4 Ekim 2019 tarihinde CB hükümet sistemiyle ilgili eleştirilerinin kriz yaratmaya yönelik olduğunu söyleyerek CHP lideri Kemal Kılıçdaroğlu’nun dokunulmazlığının kaldırılması talebinde bulunmuştu:
“Hiç kuşku yok ki, CHP Genel Başkanı’nın siyasi eylem ve sözleri suç teşkil etmektedir. MHP hiçbir şartta bu zillete sessiz ve seyirci kalmayacaktır. CHP Genel Başkanı için dokunulmazlığın kaldırılması ve mahkeme yolu ardına kadar aralanmıştır ve açılmıştır.”
Bahçeli’nin “Kapatılsın, kapısına kilit vurulsun, dokunulmazlığı kaldırılsın, yargı işlem yapsın” açıklamalarını peş peşe okuyunca insan ürküyor. Yargıya sürekli talimat veren, neye kızsa kapatılmasını isteyen bir siyasi söylem tuhaf olduğu kadar vahimdir.
***
Gerçi AK Parti de HDP’ye terör örgütüyle işbirliği yaptığı suçlamaları yaptı. HDP’li belediyelere kayyum atamalarında HDP’nin PKK ile bağının olduğu söylendi. Ama sadece söylendi. Eğer elde somut bir şey olsaydı Yargıtay Başsavcısı harekete geçmez miydi?
Ama bu sefer AK Parti, İçişleri Bakanı Süleyman Soylu’nun bütçe görüşmelerinde HDP’ye yönelik sözlerini bir kenara koyarsak, Bahçeli’nin kapatılsın çağrısı karşısında ne bunu fırsat bilip HDP’ye aba altından sopa gösterdi, ne “alttan alan” bir yaklaşım sergiledi ne de “ortağımız kızmasın, küsmesin” tavrı içinde oldu.

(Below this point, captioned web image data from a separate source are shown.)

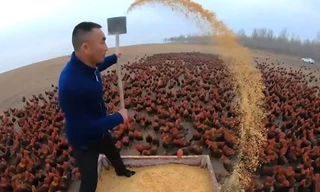 Anh nông dân gây sốt mạng xã hội khi cho gà tập bay, chạy bộ 10km mỗi ngày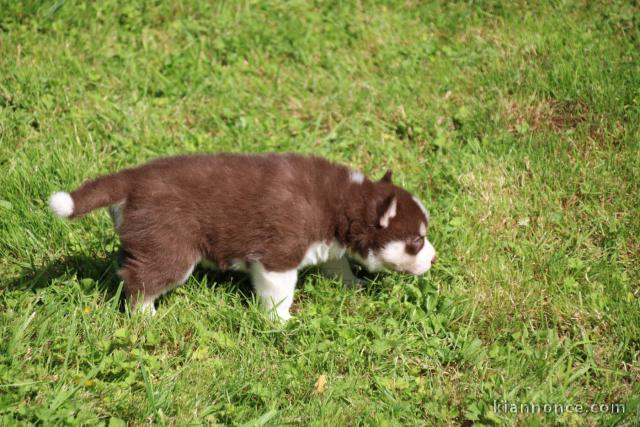 chiots husky sibérien femelle à donner 
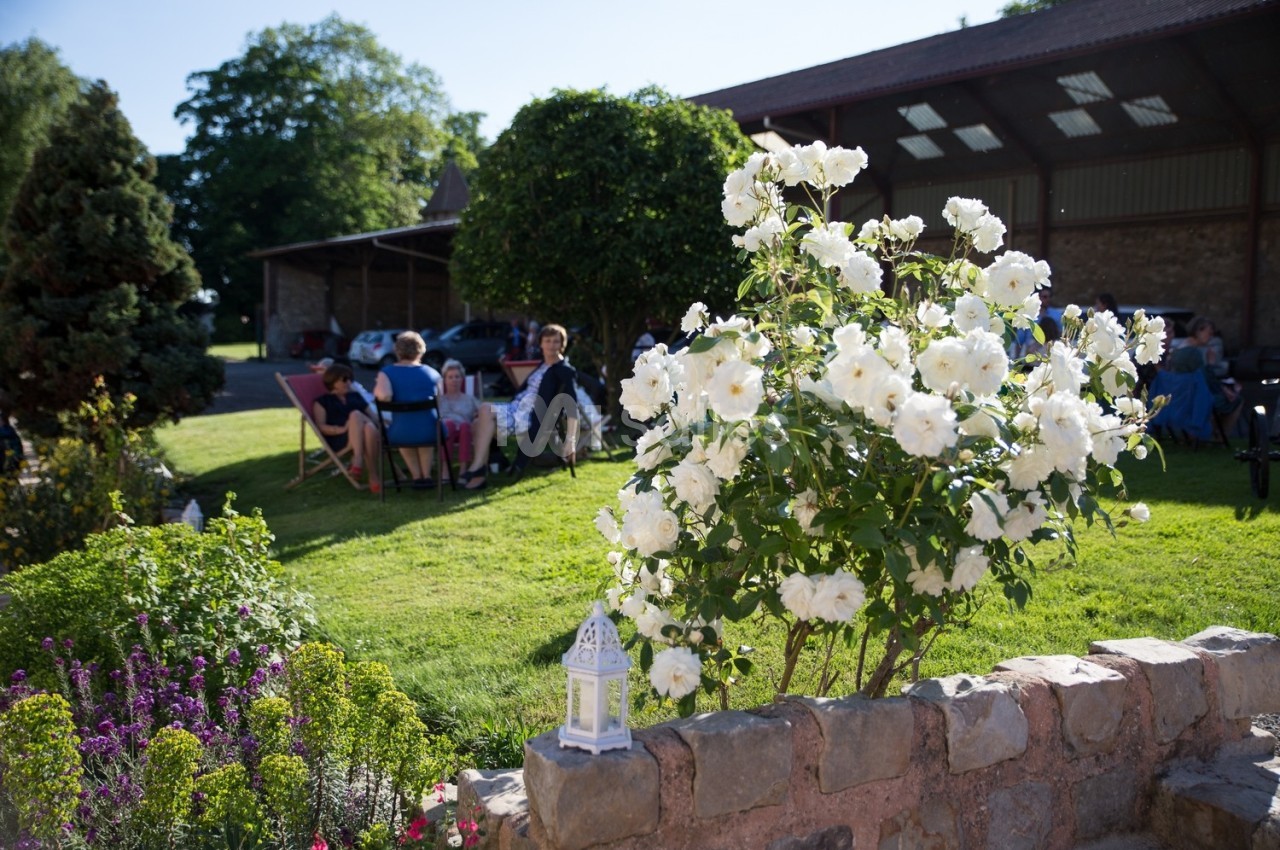 Un rosier blanc en fleurs devant un muret en pierre, avec des personnes assises dans un jardin en arrière-plan.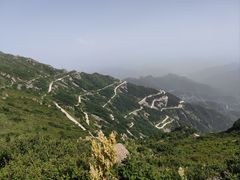 -白草畔自然风景区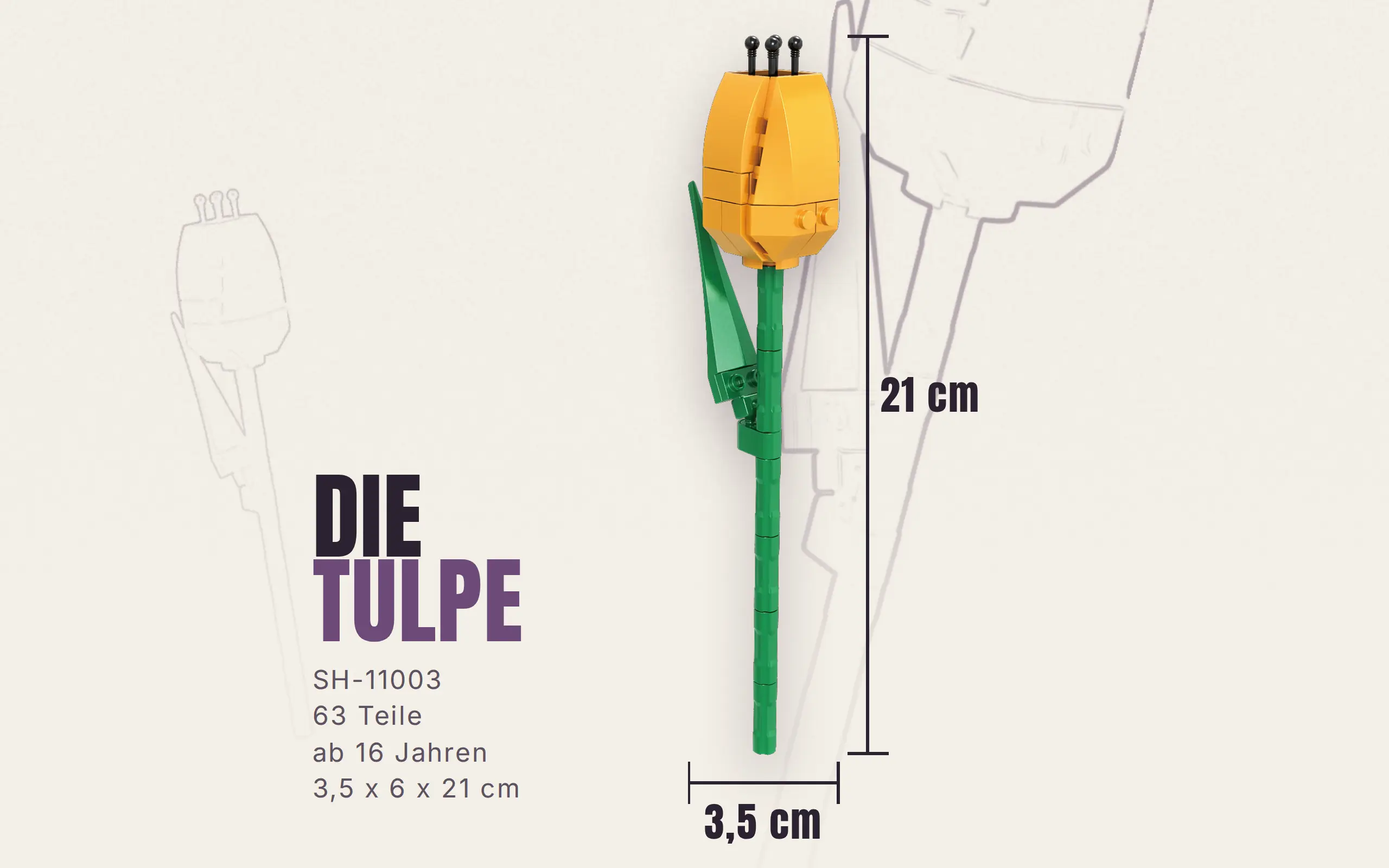 sh-11003_einzelblume-tulpe~9.webp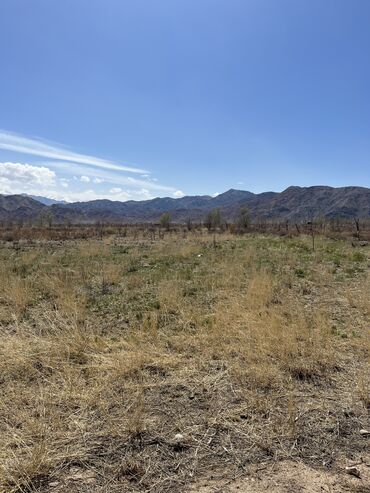 Продажа участков: 600 соток, Для сельского хозяйства, Красная книга, Тех паспорт, Договор купли-продажи — 11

AK Parti Grup Başkanvekili Numan Kurtulmuş, Bahçeli’nin çağrısına ilişkin olarak yaptığı açıklamada “Parti kapatmalarının Türkiye’de olumlu sonuçları olmadı” diyerek net tavır sergiledi. Bahçeli’ye ters bir açıklamadır bu.
***
Aslında Devlet Bahçeli de muhalefette olduğu, AK Parti ile ittifak içinde olmadığı dönemlerde siyasi partilerin kapatılmasını siyaseten doğru bulmayan bir bakış açısına sahipti. Mesela 2008’de AK Parti’ye kapatılma davası açıldığında şöyle demişti:
“Çok partili siyasi hayata geçtiğimizden bugüne kadar 28 siyasi parti kapatılmıştır. 12 Eylül darbesi sonrası ara rejim döneminde de bütün siyasi partiler kapatılmıştır. Ancak, bu partiler yeniden kurulmuş, bugün de farklı isimlerle de olsa siyasi misyonlarını sürdürmektedirler. Yargıtay parti kapatma süreçlerini başlatırken bunun siyasi sonuçlarını ve yapacağı tahribatın niteliği ve boyutlarını çok daha dikkatli olarak değerlendirmiş olması gerekir. Bir siyasi parti tasfiye edilecekse bunu Türk milleti sandıklarda yapacaktır.” (15 Mart 2008)
Siyaset ne tuhaf değil mi? Devlet Bahçeli aslında bir iktisatçı. Bir siyasi partiyi sorun görüyor, vaka ve ölüm sayıları tam açıklanmıyor diyen Türk Tabipler Birliği’ni sorun olarak görüyor…
Hatta, Anayasa Mahkemesi’nin kararlarını beğenmiyor, AYM’yi sorun görüyor.
İktisatçı Bahçeli yükselen enflasyon oranlarını, dolar karşısında Türk lirasının sürekli değer kaybetmesini, her üç vatandaştan birinin işsiz olmasını, her geçen gün etkileri artan ekonomik krizi ve de Çin’de Uygur Türklerinin sürekli ve kitlesel işkence görmesini sorun olarak görmüyor. Bütün bu sahici sorunlarla ilgili tek kelime etmiyor.